Filling the Gaps in Pandemic Relief: 2020

Selfhelp’s services to Holocaust survivors are centered around its Holocaust Survivor Program (HSP) and Intensive Intervention Unit (IIU). With the COVID-19 pandemic making the organization’s typical home visits difficult, SFOA gave Selfhelp an emergency $50,000 grant to support a pivot in services. The majority of those funds went towards IIU’s Guardianship services.

While many of the 5,300 Holocaust survivors in New York City are of stable mind and health, a small portion require a court appointed guardian to safely live alone. These elders are among the most vulnerable in the city, according to Myers. “We are managing every aspect of their affairs so they can stay at home and live out the rest of their lives with dignity,” says Myers. “Without this program, these survivors would fall through the cracks.”

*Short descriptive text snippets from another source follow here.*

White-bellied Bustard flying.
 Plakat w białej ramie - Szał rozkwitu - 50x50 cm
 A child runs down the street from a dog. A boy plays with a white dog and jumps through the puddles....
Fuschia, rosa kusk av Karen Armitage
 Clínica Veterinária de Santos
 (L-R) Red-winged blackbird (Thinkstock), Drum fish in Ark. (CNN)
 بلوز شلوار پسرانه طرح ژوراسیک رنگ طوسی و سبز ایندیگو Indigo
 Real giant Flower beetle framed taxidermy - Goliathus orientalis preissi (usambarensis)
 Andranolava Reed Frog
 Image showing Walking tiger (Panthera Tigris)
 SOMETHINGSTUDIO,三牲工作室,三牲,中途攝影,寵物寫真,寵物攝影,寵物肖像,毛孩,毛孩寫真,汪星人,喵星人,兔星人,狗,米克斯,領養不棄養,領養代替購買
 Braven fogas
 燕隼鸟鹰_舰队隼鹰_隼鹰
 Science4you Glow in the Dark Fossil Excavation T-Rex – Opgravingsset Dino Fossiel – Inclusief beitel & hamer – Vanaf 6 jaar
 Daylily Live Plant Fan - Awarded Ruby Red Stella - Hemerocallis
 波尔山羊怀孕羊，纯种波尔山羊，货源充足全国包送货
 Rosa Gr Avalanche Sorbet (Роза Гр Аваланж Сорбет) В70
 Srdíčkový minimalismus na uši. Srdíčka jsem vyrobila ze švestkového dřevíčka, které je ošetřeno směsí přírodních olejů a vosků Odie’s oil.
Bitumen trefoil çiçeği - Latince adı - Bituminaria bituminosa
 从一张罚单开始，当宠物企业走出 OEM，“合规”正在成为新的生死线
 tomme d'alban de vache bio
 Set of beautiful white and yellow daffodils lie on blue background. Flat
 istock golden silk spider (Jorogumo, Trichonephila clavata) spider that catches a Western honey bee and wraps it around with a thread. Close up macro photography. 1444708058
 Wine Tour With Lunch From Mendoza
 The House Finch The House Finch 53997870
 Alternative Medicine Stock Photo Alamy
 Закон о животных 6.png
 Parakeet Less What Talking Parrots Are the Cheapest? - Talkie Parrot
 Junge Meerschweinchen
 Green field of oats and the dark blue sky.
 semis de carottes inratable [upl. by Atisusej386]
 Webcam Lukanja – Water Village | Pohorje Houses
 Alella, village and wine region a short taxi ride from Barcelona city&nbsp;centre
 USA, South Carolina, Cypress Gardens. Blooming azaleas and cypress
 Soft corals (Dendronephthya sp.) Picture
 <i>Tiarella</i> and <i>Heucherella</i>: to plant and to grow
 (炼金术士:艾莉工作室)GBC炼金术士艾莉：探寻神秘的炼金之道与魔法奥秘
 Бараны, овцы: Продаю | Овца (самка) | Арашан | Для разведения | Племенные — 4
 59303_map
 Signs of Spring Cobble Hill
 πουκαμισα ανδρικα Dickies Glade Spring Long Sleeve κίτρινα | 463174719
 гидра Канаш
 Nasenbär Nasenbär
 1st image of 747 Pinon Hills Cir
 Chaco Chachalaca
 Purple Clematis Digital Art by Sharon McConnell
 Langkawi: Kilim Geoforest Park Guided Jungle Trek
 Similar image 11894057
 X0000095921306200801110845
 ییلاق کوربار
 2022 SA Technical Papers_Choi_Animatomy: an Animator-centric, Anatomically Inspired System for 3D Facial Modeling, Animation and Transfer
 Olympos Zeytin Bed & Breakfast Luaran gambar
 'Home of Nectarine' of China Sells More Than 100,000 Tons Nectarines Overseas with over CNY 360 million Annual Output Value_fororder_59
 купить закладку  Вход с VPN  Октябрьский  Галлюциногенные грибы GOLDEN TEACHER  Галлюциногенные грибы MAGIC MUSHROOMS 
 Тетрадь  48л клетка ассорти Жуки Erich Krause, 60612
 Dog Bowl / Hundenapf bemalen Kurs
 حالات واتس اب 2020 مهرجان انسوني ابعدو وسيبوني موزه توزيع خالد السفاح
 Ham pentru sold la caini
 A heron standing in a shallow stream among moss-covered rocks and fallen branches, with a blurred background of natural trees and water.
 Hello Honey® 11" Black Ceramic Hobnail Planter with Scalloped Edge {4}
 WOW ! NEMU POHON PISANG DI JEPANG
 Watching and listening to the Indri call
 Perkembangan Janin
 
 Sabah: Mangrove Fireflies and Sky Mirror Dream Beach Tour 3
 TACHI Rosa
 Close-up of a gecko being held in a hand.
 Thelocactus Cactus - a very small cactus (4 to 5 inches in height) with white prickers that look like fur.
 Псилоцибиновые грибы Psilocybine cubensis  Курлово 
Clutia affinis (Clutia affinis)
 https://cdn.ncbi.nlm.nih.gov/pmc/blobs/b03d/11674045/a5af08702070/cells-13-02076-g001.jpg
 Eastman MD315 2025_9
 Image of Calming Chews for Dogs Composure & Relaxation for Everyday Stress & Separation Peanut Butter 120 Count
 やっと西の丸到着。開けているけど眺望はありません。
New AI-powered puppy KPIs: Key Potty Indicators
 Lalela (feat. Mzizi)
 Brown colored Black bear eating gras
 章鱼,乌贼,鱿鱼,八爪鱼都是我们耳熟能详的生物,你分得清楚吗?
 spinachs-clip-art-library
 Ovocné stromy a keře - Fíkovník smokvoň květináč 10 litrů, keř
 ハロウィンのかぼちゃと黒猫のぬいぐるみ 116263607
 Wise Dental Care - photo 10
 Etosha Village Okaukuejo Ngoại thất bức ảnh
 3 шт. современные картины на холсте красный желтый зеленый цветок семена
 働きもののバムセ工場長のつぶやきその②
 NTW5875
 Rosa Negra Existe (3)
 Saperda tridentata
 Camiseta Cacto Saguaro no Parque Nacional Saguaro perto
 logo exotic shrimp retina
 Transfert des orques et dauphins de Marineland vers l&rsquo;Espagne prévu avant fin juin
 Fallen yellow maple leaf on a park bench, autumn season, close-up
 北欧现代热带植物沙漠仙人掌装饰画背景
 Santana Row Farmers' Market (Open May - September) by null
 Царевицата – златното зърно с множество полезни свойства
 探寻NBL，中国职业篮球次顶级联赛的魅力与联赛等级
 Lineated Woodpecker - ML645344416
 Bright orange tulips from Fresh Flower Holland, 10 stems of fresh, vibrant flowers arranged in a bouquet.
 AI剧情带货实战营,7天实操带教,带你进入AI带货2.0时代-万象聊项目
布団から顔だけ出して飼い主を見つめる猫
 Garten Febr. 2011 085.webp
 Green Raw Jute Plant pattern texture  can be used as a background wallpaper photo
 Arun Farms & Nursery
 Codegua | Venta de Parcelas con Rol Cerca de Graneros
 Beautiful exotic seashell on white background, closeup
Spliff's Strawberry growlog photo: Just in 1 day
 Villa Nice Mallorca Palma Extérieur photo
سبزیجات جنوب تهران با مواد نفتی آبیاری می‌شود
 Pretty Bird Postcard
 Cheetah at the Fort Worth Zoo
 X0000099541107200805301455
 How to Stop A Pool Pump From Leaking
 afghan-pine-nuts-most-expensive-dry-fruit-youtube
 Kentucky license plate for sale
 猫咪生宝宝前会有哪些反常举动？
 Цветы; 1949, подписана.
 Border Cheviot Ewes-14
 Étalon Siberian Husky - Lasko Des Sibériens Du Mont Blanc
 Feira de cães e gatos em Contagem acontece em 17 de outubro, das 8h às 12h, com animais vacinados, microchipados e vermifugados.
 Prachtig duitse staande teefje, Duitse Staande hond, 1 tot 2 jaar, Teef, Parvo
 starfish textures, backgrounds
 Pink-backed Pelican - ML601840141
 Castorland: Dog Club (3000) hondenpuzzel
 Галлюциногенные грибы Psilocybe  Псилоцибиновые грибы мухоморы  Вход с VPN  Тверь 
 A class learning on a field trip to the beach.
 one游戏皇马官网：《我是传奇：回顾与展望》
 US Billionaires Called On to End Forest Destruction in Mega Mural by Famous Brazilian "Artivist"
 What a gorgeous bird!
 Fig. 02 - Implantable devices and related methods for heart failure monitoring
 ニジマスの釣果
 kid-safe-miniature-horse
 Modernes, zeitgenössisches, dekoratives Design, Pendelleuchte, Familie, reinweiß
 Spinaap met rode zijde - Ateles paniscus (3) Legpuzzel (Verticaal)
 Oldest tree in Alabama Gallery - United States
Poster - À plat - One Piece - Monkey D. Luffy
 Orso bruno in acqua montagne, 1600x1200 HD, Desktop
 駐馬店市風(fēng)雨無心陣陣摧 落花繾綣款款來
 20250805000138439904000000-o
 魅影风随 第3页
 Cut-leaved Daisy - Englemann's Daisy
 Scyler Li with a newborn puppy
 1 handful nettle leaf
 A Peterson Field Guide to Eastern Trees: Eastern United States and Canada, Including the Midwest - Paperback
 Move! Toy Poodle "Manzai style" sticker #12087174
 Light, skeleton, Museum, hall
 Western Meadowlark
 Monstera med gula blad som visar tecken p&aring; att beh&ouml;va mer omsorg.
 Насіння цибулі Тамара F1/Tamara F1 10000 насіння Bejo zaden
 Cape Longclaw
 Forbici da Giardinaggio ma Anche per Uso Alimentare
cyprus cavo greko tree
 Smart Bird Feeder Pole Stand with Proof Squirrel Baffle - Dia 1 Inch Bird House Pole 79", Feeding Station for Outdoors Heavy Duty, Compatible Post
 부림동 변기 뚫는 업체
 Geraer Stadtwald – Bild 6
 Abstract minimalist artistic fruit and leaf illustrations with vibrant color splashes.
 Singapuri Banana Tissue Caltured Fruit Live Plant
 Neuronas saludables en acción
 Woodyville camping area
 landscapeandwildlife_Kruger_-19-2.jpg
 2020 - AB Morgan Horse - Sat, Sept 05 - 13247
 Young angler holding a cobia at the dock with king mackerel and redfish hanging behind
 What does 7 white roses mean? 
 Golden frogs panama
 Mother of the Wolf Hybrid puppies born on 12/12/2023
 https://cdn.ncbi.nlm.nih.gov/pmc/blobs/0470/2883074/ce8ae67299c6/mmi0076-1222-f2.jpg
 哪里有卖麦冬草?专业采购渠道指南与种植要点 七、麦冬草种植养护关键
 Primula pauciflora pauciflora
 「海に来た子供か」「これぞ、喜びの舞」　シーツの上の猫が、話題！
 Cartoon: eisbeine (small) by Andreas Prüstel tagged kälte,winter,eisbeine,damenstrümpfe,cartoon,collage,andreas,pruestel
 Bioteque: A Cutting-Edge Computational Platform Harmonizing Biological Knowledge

young man helping elderly man use a computer

In addition to this critical service, SFOA’s grant also supported Direct Money Management (DMM) offered through IIU. DMM is provided to clients who are cognitively sound but still need assistance with bill paying, mail sorting, and balancing checkbooks. Currently, these services are provided virtually or by telephone.

An Eternal Legacy

Thanks to SFOA’s support, Lynn says Selfhelp can continue to serve the last generation of Holocaust survivors in New York City and ensure their legacies last a lifetime. “We are so appreciative of SFOA’s funding,” says Lynn.